Limitations of data point subscriptions
However, there are several limitations to keep in mind when using data point subscriptions:
- Subscriptions tend to be slower than regular endpoints for time series data points and aggregates, especially when data in small batches gets ingested, deleted, or overwritten.
- Subscriptions only maintain order based on ingestion time; you cannot filter by time series or data point timestamps.
- Subscriptions can return data that was subsequently deleted or overwritten.
- Subscriptions do not store client state on the server; it is necessary to track progress locally.
Set up a subscription
The first step is to decide on what you want to subscribe to. You can subscribe to data points for a specific set of time series or a set of time series that match a filter.
Subscribe to a set of time series
To subscribe to a set of time series, you need to provide a list of external IDs. You can update this list anytime, and it will immediately take effect for the subscription.
Create a filter subscription
To create a filter subscription, you need to provide a search filter. The filter will be evaluated against all-time series in the project and the subscription will be updated whenever you add or remove a time series or when the metadata of a time series changes.
The updates will happen automatically, but possibly after a short delay.
Example filters are to subscribe to all-time series with a specific asset, data set, metadata value prefix, or all of the above. The filter language resembles the list endpoint in the time series API.
Query the subscription
Once you have created a subscription, we will start recording changes to its time series, and you can query these changes through the /data/list endpoint.
The query will return the following information:
- A list of data point changes that includes either data point upserts or data point range deletes for a given time series.

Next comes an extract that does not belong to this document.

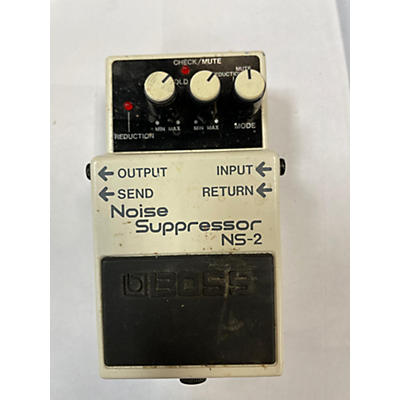 BOSS NS2 Noise Suppressor Effect Pedal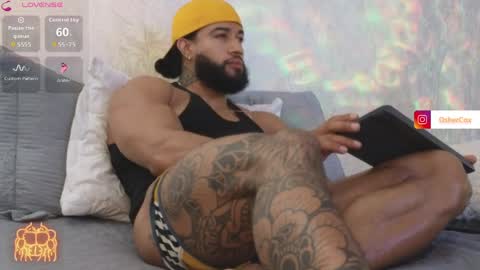 Snapshot of osher_cox chatting on April 2026 02:07:01 PM osher_cox online show from April 2026 02:07:01 PM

- A list of subscription changes that includes the list of time series added to or removed from the subscription. When you create a subscription, all time series in the subscription will be marked as added.
- A cursor to query the next page of results.
- A hasNext field indicates if more results are available.
If you consider a subscription a stream of data, the cursor is the position in the stream where you are currently reading. It is very similar to an offset in Kafka.
The cursor is a string that is opaque to the user and keeps track of the position in the stream. The user must store the cursor. It is not stored in Cognite Data Fusion. It does not expire, and you may use it multiple times.
Initializing the cursor
When you create the subscription, the cursor gets initialized to the creation time of the subscription. The first query will return all the changes since the subscription was created.
To start from a different point in time, you can specify a start time in the query (e.g. "1d-ago"), and the cursor will be initialized to approximately that time.
The hasNext field indicates if there are more results available. If true, you can query the next results page using the next cursor. If it is false, no more results are available, so you should wait a little while for more data to come in and try again using the next cursor.
The retention time for data point subscriptions is 7 days. Data older than 7 days will not be returned in the query. This applies both to data points and subscription changes.
How to create and maintain a local copy of your CDF time series data
A subscription will provide you with changes to a set of time series. Depending on the change type, you apply changes to the local copy in one of three ways:
- If the subscription says a time series has been deleted, delete it from your local copy.
- If the subscription says a time series has been added, create it in your local copy and then query the time series API to get the current state of the time series.
- If the subscription says data points have been updated, apply the updates to your local copy in the same order as they appear in the subscription.
Each change has to be applied in full, in the order they appear in the subscription.
Every time you have reached the end of the subscription stream, your local copy will be up-to-date.
Make sure that you never fall more than 7 days behind, or you will have to re-create your local copy of all time series in the subscription, and then apply subscription changes from a time before the re-creation.
Also, if a time series is marked as both deleted and added, you may have to check which is correct.
Subscriptions with many high-volume time series will return a lot of data. If this data is too much for a single client to handle, you can use partitions to split the subscription data into multiple partitions (streams).
When you create or update a subscription, each time series will be assigned to exactly one partition. For instance, a subscription with 6 time series could be divided into 3 partitions as follows: (1,6), (4), (2,3,5). A partition can contain zero time series and thus no data.
Each partition will have its cursor, and you query each partition independently.